Work order:
Begin your copy at the line that holds "trois bouteilles de" and carry it through the final line of the data, writing out each line exactly and omitting pictures.

Supplied material:
···
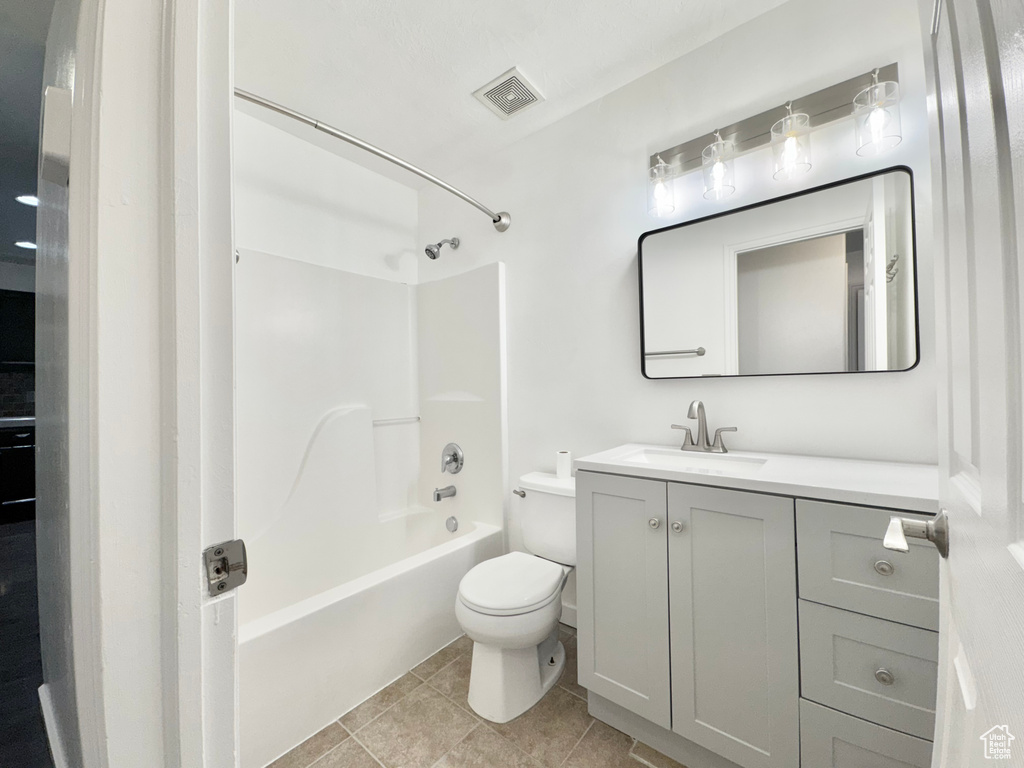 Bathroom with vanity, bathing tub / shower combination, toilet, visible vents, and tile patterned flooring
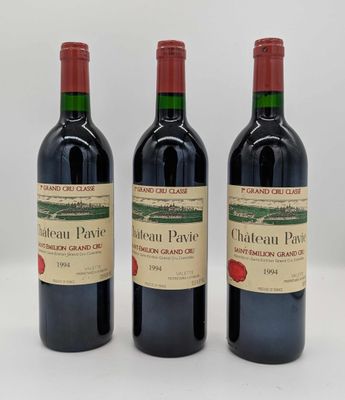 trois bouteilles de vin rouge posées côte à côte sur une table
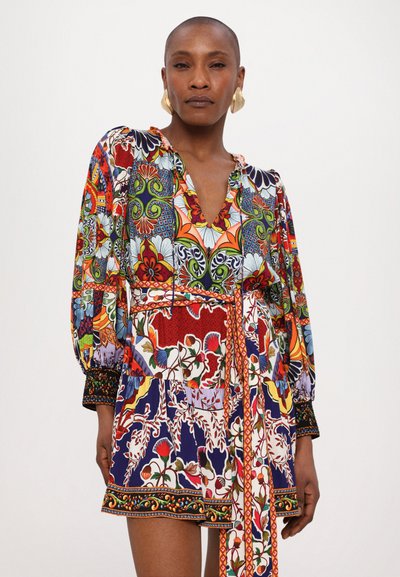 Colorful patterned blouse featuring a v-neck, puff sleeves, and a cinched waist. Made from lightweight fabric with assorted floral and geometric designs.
···
Exercise solution:
 trois bouteilles de vin rouge posées côte à côte sur une table
 Colorful patterned blouse featuring a v-neck, puff sleeves, and a cinched waist. Made from lightweight fabric with assorted floral and geometric designs.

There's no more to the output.